» Task description:
Starting at the line below that contains "4Home Nordic Leaves" and ending at the line that contains "Zep Trieste Reloj, Madera, Blanco, 51.4x51.4x3", retype each line exactly as it stands, but omit the pictures.

» Data provided:

------------------------------------

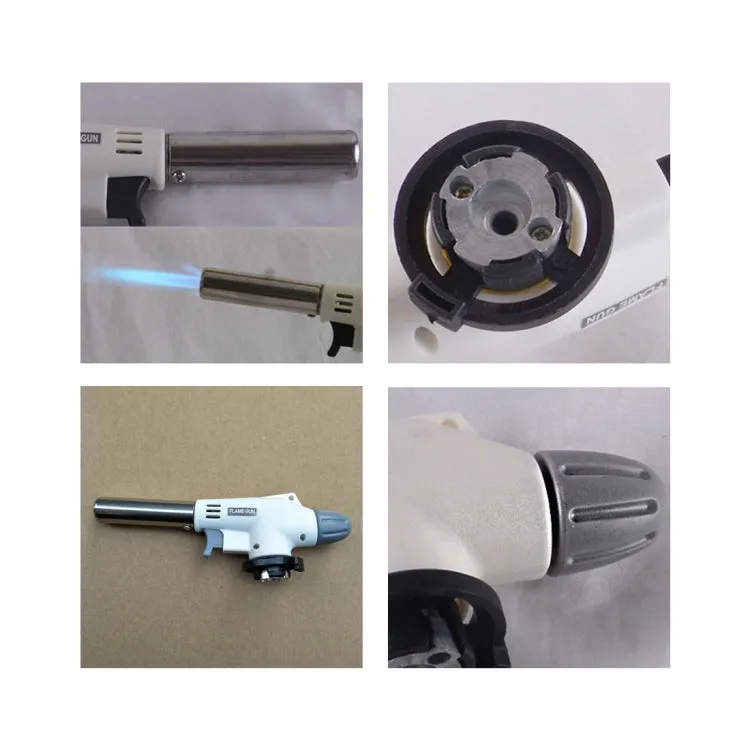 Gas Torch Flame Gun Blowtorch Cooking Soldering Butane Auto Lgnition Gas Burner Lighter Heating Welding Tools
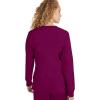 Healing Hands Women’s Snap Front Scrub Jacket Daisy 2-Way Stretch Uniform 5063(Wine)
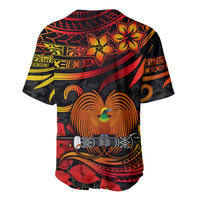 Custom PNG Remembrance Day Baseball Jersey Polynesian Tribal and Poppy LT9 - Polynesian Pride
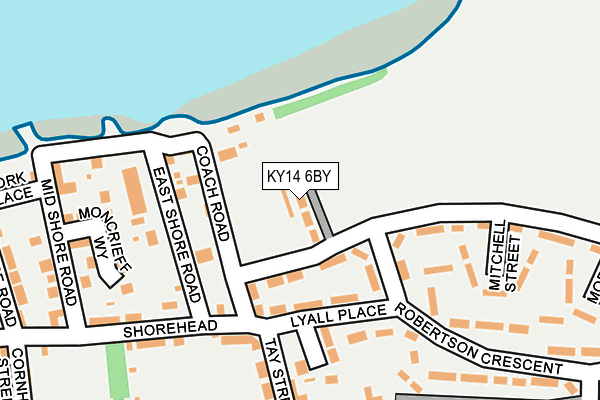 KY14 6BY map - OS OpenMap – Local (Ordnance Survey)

------------------------------------

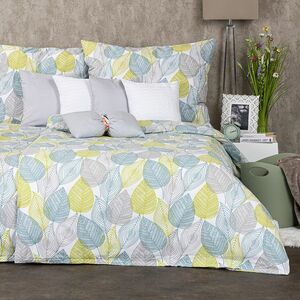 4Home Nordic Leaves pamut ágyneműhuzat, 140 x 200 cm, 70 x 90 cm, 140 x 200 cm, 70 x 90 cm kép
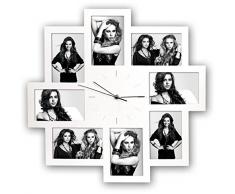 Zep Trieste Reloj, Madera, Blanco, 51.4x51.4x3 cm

------------------------------------

» Reply:
 4Home Nordic Leaves pamut ágyneműhuzat, 140 x 200 cm, 70 x 90 cm, 140 x 200 cm, 70 x 90 cm kép
 Zep Trieste Reloj, Madera, Blanco, 51.4x51.4x3 cm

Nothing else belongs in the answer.